Pull out every line with the word "brown" from the entries below.

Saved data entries

☆ ☆ ☆ ☆ ☆

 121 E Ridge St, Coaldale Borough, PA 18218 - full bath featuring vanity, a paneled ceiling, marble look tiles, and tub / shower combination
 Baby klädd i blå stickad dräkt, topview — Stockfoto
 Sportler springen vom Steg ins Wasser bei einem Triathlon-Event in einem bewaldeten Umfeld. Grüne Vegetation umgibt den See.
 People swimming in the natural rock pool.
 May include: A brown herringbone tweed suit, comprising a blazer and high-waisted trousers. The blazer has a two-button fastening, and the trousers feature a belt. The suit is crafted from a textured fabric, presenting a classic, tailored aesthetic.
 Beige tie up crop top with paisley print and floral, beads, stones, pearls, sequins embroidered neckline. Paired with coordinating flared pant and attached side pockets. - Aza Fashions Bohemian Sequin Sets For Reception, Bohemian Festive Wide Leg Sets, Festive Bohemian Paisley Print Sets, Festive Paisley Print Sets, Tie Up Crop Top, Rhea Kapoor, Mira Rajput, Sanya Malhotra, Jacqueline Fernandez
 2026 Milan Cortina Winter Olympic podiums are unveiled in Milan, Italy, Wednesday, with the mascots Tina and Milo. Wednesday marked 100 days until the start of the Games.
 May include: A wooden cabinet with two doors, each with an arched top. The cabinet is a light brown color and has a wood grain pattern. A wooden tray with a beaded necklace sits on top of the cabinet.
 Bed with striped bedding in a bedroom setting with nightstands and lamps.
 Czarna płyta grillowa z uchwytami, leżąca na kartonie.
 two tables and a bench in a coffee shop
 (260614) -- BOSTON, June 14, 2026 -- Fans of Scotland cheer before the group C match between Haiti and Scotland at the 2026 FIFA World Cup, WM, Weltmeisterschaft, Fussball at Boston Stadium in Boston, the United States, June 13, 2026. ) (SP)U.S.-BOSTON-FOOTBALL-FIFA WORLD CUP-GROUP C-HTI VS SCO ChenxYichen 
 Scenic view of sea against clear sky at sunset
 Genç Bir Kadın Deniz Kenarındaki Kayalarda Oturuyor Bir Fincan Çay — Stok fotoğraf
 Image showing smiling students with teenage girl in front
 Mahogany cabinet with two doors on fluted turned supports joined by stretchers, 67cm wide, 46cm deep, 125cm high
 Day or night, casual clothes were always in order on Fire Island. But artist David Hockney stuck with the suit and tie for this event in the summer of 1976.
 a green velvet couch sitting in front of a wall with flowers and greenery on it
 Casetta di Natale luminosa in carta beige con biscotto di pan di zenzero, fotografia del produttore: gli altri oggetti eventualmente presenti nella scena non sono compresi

☆ ☆ ☆ ☆ ☆

**RESPONSE**
 May include: A brown herringbone tweed suit, comprising a blazer and high-waisted trousers. The blazer has a two-button fastening, and the trousers feature a belt. The suit is crafted from a textured fabric, presenting a classic, tailored aesthetic.
 May include: A wooden cabinet with two doors, each with an arched top. The cabinet is a light brown color and has a wood grain pattern. A wooden tray with a beaded necklace sits on top of the cabinet.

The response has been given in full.